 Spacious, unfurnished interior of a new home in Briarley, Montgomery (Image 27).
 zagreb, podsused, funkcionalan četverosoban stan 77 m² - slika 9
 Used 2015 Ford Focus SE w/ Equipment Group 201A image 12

### Work task:
Only the lines from the one containing "zagreb, podsused, funkcionalan" through the last line of the material belong in your answer; output them exactly.

### Task result:
 zagreb, podsused, funkcionalan četverosoban stan 77 m² - slika 9
 Used 2015 Ford Focus SE w/ Equipment Group 201A image 12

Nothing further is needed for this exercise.